Heath Davis kept his two lives separate
This morning, the final episode of The Spinoff’s documentary series on Aotearoa’s lost sporting legends, Scratched, debuted. It is the story of former Black Cap Heath Davis and is the first time an international male cricketer from New Zealand has spoken publicly about their experience as a gay professional athlete. Davis, whose story features on the front page of the Dominion Post this morning, is something of a cult cricketing hero who played for Wellington and New Zealand in the 90s. In a feature published this morning, director of the episode and editor of The Spinoff, Madeleine Chapman, discusses his career and his very human, complicated and nuanced grappling with who he is.

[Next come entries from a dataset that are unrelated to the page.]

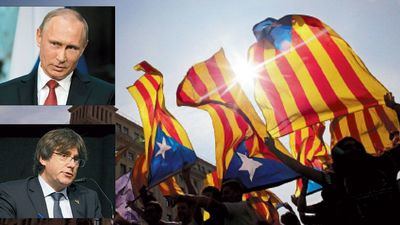 El CNI grabó a emisarios rusos entrando en el Govern de la Generalitat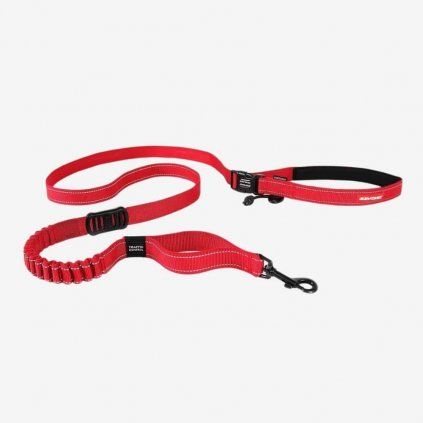 EZYDOG bežecké vodítko ROAD RUNNER LEASH 210 cm - červené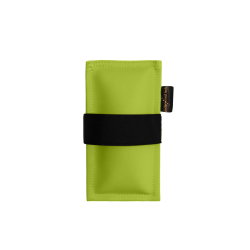 Sandsack mit Klettbandgurt 2,5 kg - ca. 30 x 15 cm | grasgrün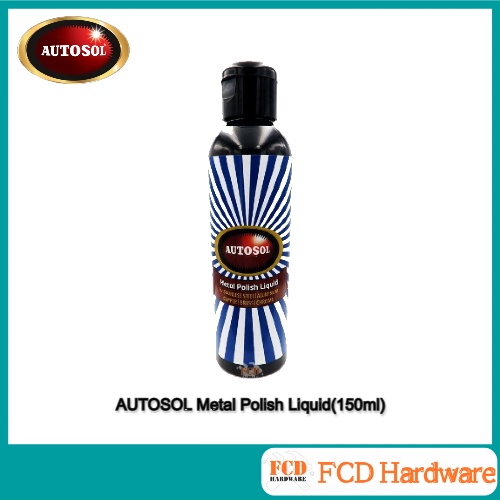 AUTOSOL Metal Polish Liquid Copper Stainless Steel Aluminium Brass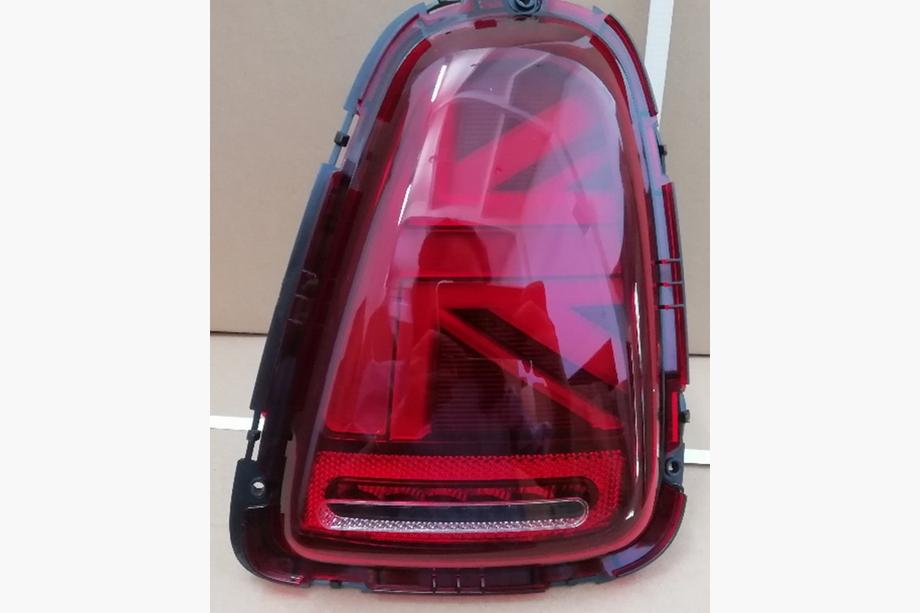 Mini Cooper R56/57 2006-2014 рр. Задні LED ліхтарі в стилі Union Jack Red (2 шт) Image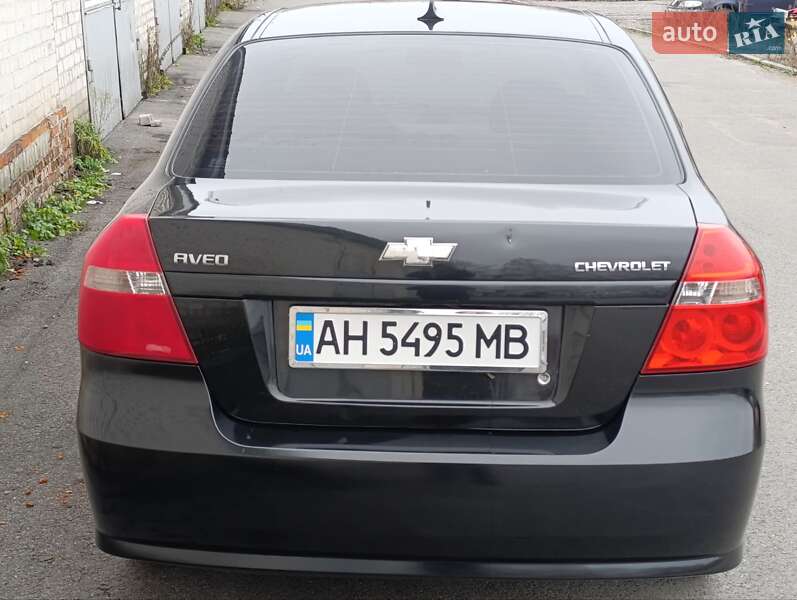 Седан Chevrolet Aveo 2008 в Харькове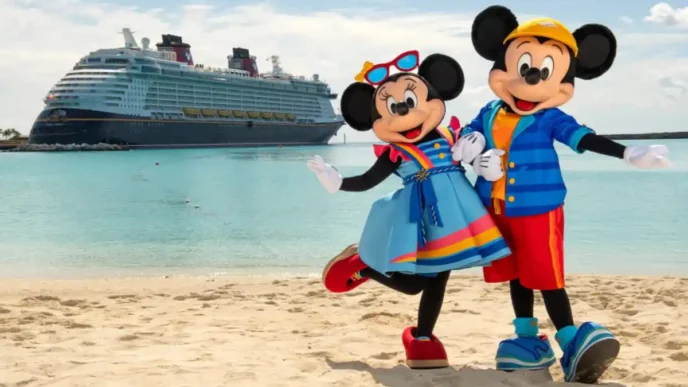 Disney Cruise Line anuncia cruzeiros para 2027 e 2028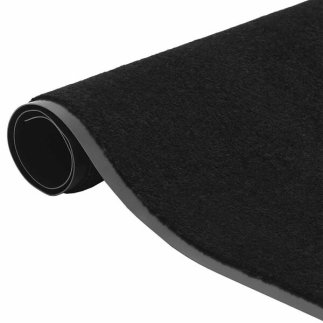 vidaXL Πατάκι Εισόδου Μαύρο 90 x 120 εκ. 4105606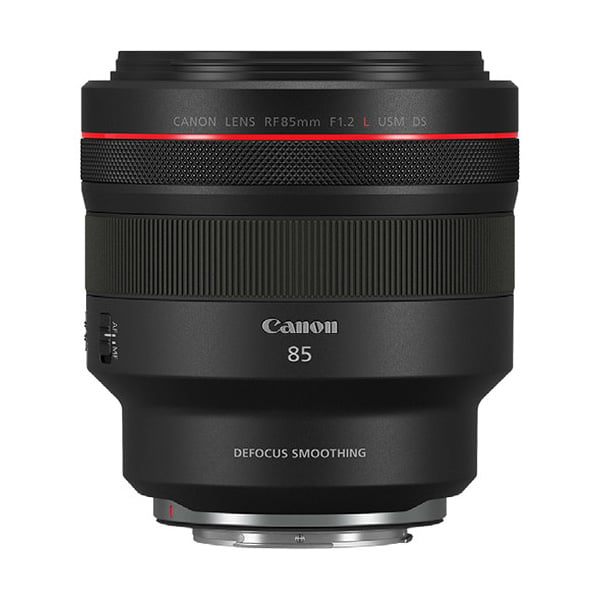 The Canon RF 85mm f/1.2L USM DS is the first "Defocus Smoothing" lens Canon has released. It is an RF lens for Canon's full-frame mirrorless system and will cost $3000 when it ships in early December 2019.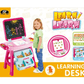 Power Joy LearnLearn Double - Sided Learning Desk - Marah Kids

Growing up with the myth of Heath Davis
Davis’s New Zealand cricketing career ended in 2004. He moved to Brisbane and only really surfaced again in the public eye in 2009 after a work accident resulted in a portion of his left foot being amputated. Notorious for bowling no-balls, Davis joked that the amputation meant “no more no-balls”. Davis was selected for the Black Caps in 1994 and was one of the fiercest pace bowlers in the world at the time. The Bounce’s Dylan Cleaver played with Davis in age-group rep teams in the Hutt Valley and Wellington sides. On The Spinoff this morning, he recalls being nowhere near good enough to deal with him.
The marked contrast between queer elite female and male athletes
The claim that Davis is our first gay Black Cap is of course, entirely hypothetical. In the documentary, Stephen Mather notes the statistical improbability of Davis actually being the first gay first class cricketer in New Zealand. Out and proud are still choices for every individual to make, and the decision to tell his story is Davis’s alone. But the lack of publicly gay athletes, especially in traditionally male-dominated codes like cricket, league and rugby, does raise questions about our sporting culture. Alice Soper discusses the stark contrast with women’s sports where, as Soper writes “Queer wāhine athletes have been so normalised across so many codes that it’s not unusual to see partners and wives end up playing alongside each other.”
Nearly 30 years on, queer athletes are still struggling with prejudice
Today’s news comes as researchers note a rise in anti-LGBT hate in New Zealand, and only a few days after an incident over the wearing of a pride jersey at the Manly Sea Eagles, decades after Davis’s experience. Sharni Williams, a gay sevens player in Australia, described the rejection of the jersey by several Manly players as a “punch in the face”. Ian Roberts, who became the first rugby league player to come out as gay while playing for Manly in 1995, said the player revolt “breaks my heart”. Cronulla-Sutherland Sharks player Toby Rudolf has since backed the introduction of a pride round, saying he is sexually fluid and that “love is love”.